OS側に用意されたSensor APIとLocation API
Windows 7には、明暗などを感じるセンサーを扱うためのSensor APIや、GPSによる位置情報を扱うLocation APIが用意されている。OS自体がSensor APIやLocation APIを搭載することで、各種センサーやGPSを利用したアプリケーションが開発しやすくなる。
Windows VistaやXPなどでも、独自にセンサーを利用するアプリケーションを作ることはできた。例えば内蔵GPSやHDD内蔵の加速度センサーは、さまざまなノートパソコンで利用されている。しかし、これらはそのセンサー専用になるため、特定のアプリケーションでしか利用できなかった。つまりセンサーについての標準化がなされていなかったわけだ。
しかし、Windows 7でSensor APIやLocation APIが導入されたことで、デバイスドライバーの標準化が行なわれ、各種のセンサーやロケーションデバイスからの情報を、アプリケーションから利用できるようになった。つまり、USBのように、センサーや位置情報に関係するデバイスを規定することで、アプリケーションからそのデータを簡単に扱える。
現在販売されているパソコンには、Windows 7に対応したセンサーデバイスやロケーションデバイスはほとんど採用されていない。
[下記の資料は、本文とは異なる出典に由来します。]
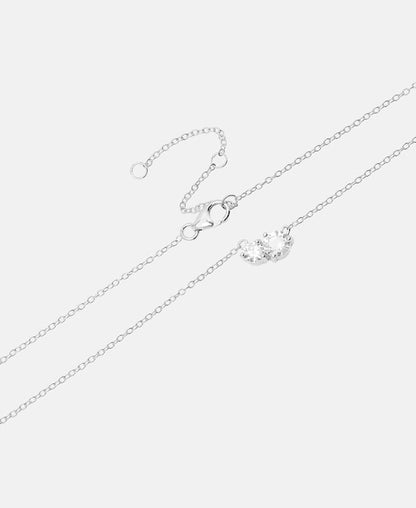 Halskette mit Diamantanhänger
そこで、2008年に開かれたマイクロソフトの開発者向け国際会議「PDC08」で配布されていた開発用キットを使って、何ができるのかを解説しよう。
この開発キットには、3軸加速度センサー、静電容量式タッチセンサー、光センサーなどが組み込まれている。開発キットとパソコンは、USBで接続される。開発キットにはハードだけでなく、これらの機能を使用するためのデバイスドライバーやサンプルソフトなども入っている。
例えば光センサーを用いたアプリケーションとしては、「msdn Reader」というソフトがある。このソフトは、マイクロソフトの開発者向けのウェブサイト「msdn」の情報が一覧できるのだが、光センサーと組み合わせることで、検知する明るさによって、表示する文字を自動的に拡大縮小できる。
機能だけを説明するとたいしたことがなさそうに思うが、例えばこういう場面で役立つ。屋外の太陽光の下でノートパソコンを使うと、反射で細かい文字が見えづらいことがある。そうした場合、光センサーが周囲の明るさを検知して、自動的に文字の大きさを変えて見やすくしてくれる、という処理が可能になる。もちろん、光センサーは、ダイナミックに動作しているため、光量の変化によって文字サイズもダイナミックに変わる。
また別の例では、液晶画面のバックライトやコントラストを光センサーからの情報によってダイナミックに変化させることで、ノートパソコンのバッテリーを長時間持たせる、という使い方もある。その場合にも、周囲の明かりにあった制御をすることで、見やすい画面が実現できる。